→ **Work to complete**:
Please restate word for word the lines of the entries below from the one with "The Julia Hotel" to the one with "Foto 03d6d76f-27f2-4e55-8719-fd659df7d30c. Motorcycle", inclusive, and leave out every picture.

→ **Data for analysis**:
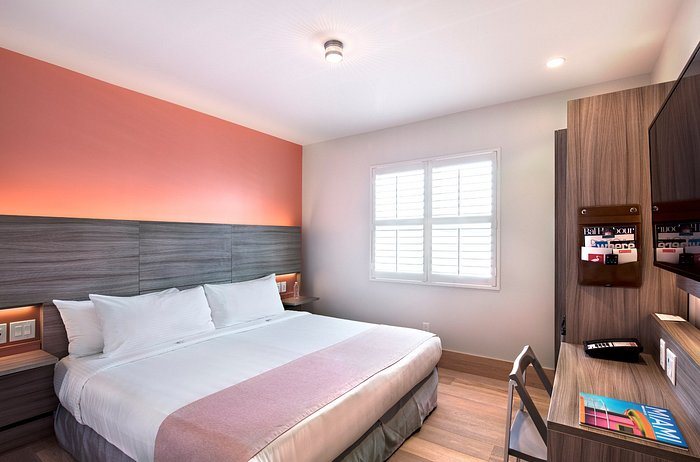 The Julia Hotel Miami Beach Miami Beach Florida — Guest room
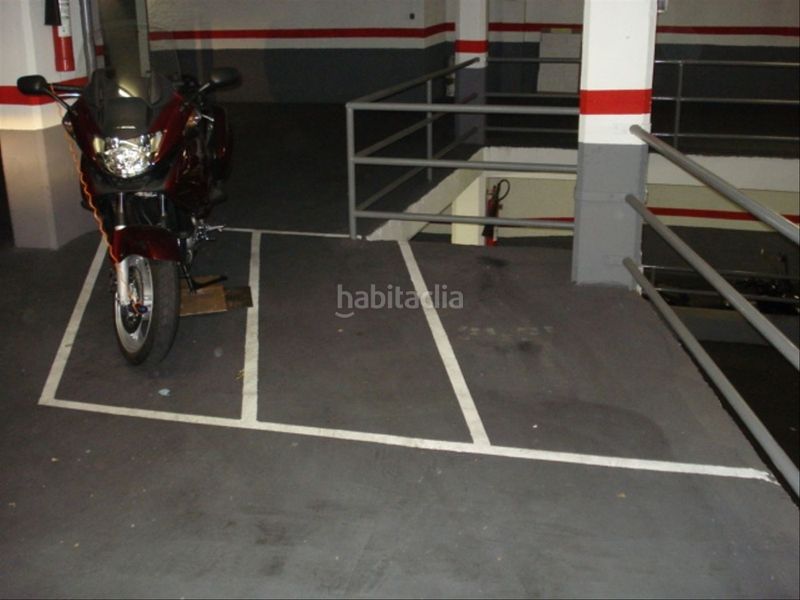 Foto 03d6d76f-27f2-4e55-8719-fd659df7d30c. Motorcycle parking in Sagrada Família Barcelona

---

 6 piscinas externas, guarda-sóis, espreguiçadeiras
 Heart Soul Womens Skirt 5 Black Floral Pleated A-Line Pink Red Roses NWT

→ **Reply**:
 The Julia Hotel Miami Beach Miami Beach Florida — Guest room
 Foto 03d6d76f-27f2-4e55-8719-fd659df7d30c. Motorcycle parking in Sagrada Família Barcelona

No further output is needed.